The Kilopower reactor utilizes a solid, cast uranium-235 reactor core, about the size of a “paper towel roll,” said NASA. Reactor heat is transferred through passive sodium heat pipes, then converted to energy by high-efficiency Stirling engines. In other words, NASA has successfully built a thermoelectric generator that can power its space camps hundreds of thousands, if not millions of miles away from planet earth.

Kilopower lead engineer Marc Gibson and Vantage Partner’s Jim Sanzi install hardware on the Kilopower assembly at the Nevada National Security Site during testing in March. (Source: NASA)

According to David Poston, the chief reactor designer at NNSA’s Los Alamos National Laboratory, “the purpose of the recent experiment in Nevada was two-fold: to demonstrate that the system can create electricity with fission power, and to show the system is stable and safe no matter what environment it encounters.”

“We threw everything we could at this reactor, in terms of nominal and off-normal operating scenarios and KRUSTY passed with flying colors,” said Poston.

A recent test of the Kilopower technology was conducted in four phases.
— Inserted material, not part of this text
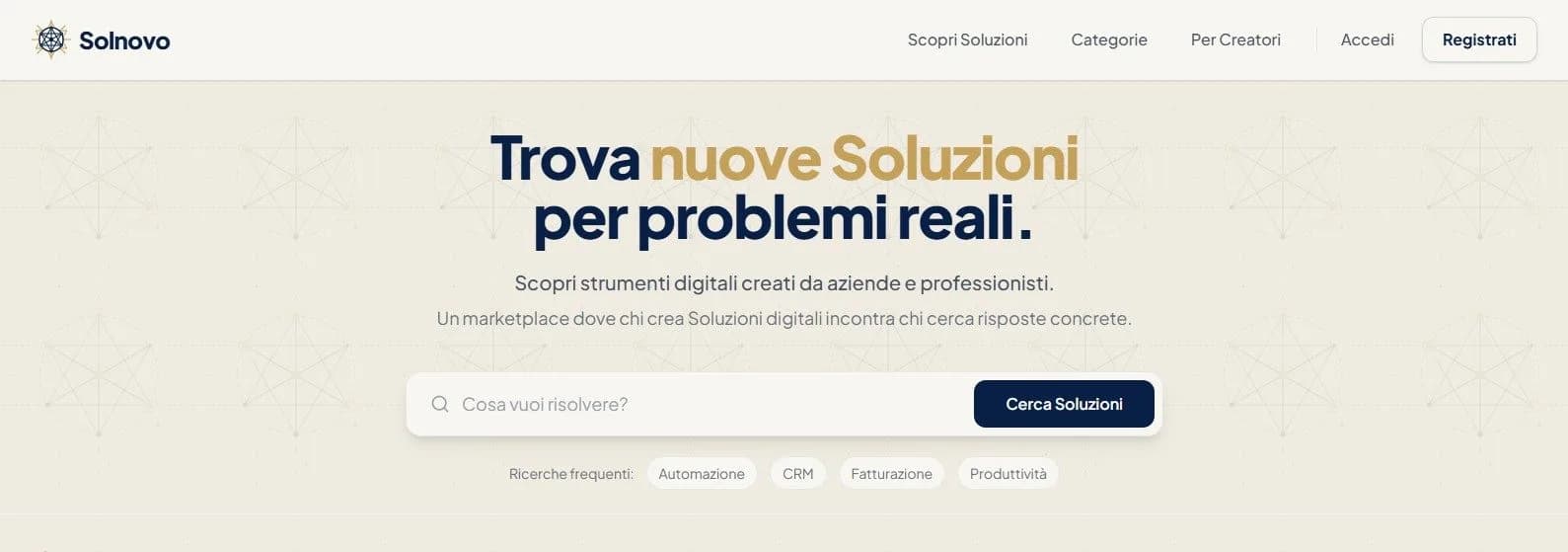 Solnovo - Marketplace Soluzioni Digitali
The first two – conducted without power – to make sure all components of the system “behaved as expected,” said NASA. During the third phase, the power to heat the core was incrementally increased before moving to the last and final phase. For 28-hours, the Kilopower unit experienced a full-power blast that simulated a mission, including “reactor startup, ramp to full power, steady operation and shutdown,” said NASA.

Kilopower nuclear fission reactor KRUSTY vacuum test. (Source: NASA)

During the demonstration, the Kilopower unit ran through “simulated power reduction, failed engines and failed heat pipes,” said NASA, showing that the power unit was more than capable of operating under extreme stress.

“We put the system through its paces,” said Gibson. “We understand the reactor very well, and this test proved that the system works the way we designed it to work. No matter what environment we expose it to, the reactor performs very well.”

NASA and NNSA developed the Kilopower technology project for a little less than $20 million; however, officials said it was too premature to forecast how much it will cost to build a spaceworthy Kilopower system. If the program receives enough funding, a Kilopower system could be operating on the lunar surface by the mid-2020s.

Before NASA or SpaceX rockets a portable nuclear reactor to Mars or even the Moon, numerous companies are creating portable nuclear power for earthly applications, including TerraPower, a Seattle-area venture backed by Microsoft co-founder Bill Gates.